ICT活用のこのようなレパートリーは,どこから生まれるのだろうか。それは,幸崎中学校の教師たちが,量的・質的に豊かな(教師としての)学びを繰り広げたからであろう。まず,量的には,平成23年度の校内研修が18回を数えていることに注目したい。たいへんな厚みである(特に中学校としては)。また,例えば各教師がICT活用レポートを事前に作成しておき,校内研修会ではその交流を図るといったプロセスに象徴されるが,幸崎中学校の教師たちの学びは,18回の校内研修会だけにとどまらない。その前後にも,時間的・空間的な広がりを見せているのだ。
さらに,質的には,研究授業後の協議会をワークショップ型で運営したり,三原市教育委員会や同中学校教育研究会とタイアップして他校の教師に授業研究会に参加してもらったりして,異なる教科間や学校間で授業づくりのアイデアを積極的に環流させている点に注意を払いたい。以前にも紹介・解説したが,ある日の授業研究会の協議結果を次の授業研究会の冒頭に確認してから協議を始めるといった,授業研究の連続・発展に関するアプローチも見事である。
幸崎中学校の特別研究指定校としての取り組みは,授業におけるICTの活用においても,それを発展させるための校内研修の企画・運営に関しても,秀逸であったと思う。とりわけ,教科担任制の指導体制を採る中学校において,教師たちが,授業づくりについて,教科をまたいでコミュニケーションを繰り広げたり,コラボレーションを展開したりすることの可能性やそのための工夫について,よきモデルを示してくれた。
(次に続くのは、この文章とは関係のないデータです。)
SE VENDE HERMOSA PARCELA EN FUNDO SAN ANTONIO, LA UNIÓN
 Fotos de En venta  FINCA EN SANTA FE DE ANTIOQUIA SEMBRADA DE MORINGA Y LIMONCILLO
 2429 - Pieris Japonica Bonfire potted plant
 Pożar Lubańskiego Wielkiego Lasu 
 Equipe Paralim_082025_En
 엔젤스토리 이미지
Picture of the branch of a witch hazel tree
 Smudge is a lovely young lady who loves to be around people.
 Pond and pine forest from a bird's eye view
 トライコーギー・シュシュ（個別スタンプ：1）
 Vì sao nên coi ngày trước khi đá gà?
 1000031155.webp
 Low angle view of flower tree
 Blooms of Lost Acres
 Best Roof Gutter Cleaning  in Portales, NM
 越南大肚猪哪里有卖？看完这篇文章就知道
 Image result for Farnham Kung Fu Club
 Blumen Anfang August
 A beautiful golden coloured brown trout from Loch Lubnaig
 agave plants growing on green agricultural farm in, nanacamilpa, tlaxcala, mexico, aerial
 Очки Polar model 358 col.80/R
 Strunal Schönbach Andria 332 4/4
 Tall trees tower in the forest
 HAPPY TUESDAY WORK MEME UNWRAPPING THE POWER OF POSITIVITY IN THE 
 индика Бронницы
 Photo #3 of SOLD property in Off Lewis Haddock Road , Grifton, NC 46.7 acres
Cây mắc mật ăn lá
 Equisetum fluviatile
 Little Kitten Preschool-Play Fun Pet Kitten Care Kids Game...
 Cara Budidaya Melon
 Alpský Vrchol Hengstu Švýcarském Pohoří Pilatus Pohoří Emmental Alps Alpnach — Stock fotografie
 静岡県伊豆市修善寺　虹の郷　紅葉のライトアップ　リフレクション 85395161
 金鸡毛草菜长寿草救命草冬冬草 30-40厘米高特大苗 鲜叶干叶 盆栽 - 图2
残るは,それを,どのように維持し,発展させるかであろう。既に,「次年度以降,今回の成果をどのように展開するのか」について,学校としての考えを幸崎中学校の教師たちは整理している。たくさんの課題等が浮き彫りになっているが,すべてを同時に解決することは難しいであろうから,それに優先順位をつけて対応してもらいたい。また,各課題等をどのようにして解決していくのか,具体的な行動計画を早めに策定することが望まれよう。いずれの課題も,簡単には解決できないものではあるが,幸崎中学校の教師たちには,学ぶ意欲の高さや授業づくりのアイデアの豊かさがある。それによって,リストアップされた課題も次第に解決するであろうと,筆者は確信している。
これらのアドバイスとエールをもって,筆者のコメントの締めくくりとするとともに,アドバイザーとしての役割を終えることとする。